TL;DR: Create a conda environment for each project, capture exact versions when possible, automate activation and updating with a bash function.

I often work on several different projects involving software: Python libraries, papers, presentations, posters, this website, etc. Each project has different dependencies and there is a non-zero chance that these dependencies might be in conflict with each other. For example, I need Python 2.7 to work on a tesseroid modeling paper with a student, while my current work on GMT/Python and GPS interpolation project are Python 3.5+ only. Clearly, I can't have everything under the same Python installation. That's where virtual environments come in.

Virtual environments allow you to create multiple separate Python installations ("environments"). You can install different packages on each and switch between them easily. Currently, you can do this using Python's virtualenv or using the conda package manager. I use conda for all my package management because I need non-Python packages and multiple Python versions. If you're new to conda, please go check out Eric Ma's great tips for working with conda.

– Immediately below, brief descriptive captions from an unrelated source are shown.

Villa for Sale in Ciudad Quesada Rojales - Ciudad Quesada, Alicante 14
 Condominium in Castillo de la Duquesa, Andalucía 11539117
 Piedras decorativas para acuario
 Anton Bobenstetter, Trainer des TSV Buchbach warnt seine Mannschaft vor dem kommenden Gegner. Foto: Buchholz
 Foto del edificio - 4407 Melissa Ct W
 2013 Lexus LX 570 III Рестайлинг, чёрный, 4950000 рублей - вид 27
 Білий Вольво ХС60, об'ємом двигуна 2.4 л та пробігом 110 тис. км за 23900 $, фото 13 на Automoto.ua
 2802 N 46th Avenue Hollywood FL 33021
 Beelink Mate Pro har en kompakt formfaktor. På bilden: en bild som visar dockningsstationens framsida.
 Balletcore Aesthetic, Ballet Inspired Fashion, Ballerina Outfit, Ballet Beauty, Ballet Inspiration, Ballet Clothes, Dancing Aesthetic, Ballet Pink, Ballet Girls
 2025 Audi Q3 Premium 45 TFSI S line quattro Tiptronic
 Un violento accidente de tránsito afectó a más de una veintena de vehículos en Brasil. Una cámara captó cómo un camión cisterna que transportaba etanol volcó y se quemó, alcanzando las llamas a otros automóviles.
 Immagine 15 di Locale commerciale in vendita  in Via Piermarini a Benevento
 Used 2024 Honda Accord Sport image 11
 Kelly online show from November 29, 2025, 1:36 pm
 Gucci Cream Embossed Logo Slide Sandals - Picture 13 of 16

In this post, I'll share some more tips and a bash function I made for managing environments.

When to create environments

First of all, I want to reiterate Eric's second hack: create one conda environment for each project.

I have been doing this for a few years now and even included a default environment file in my research group's paper template. As soon as I start a new project repository, I'll create an environment.yml with the configuration I need:

# The name of the environment matching the repository name
name: same-as-repository
# I prefer conda-forge packages for my projects
channels:
- conda-forge
- defaults
# Start with Python and include everything you need
dependencies:
- python=3.7
- pip
- numpy
...

With this file in the repository, you can create the new environment by running:

conda env create

The advantage of always having the environment file is that I always know what each project needs. This is particularly useful when switching back and forth between a laptop and desktop or when returning to a project after a while.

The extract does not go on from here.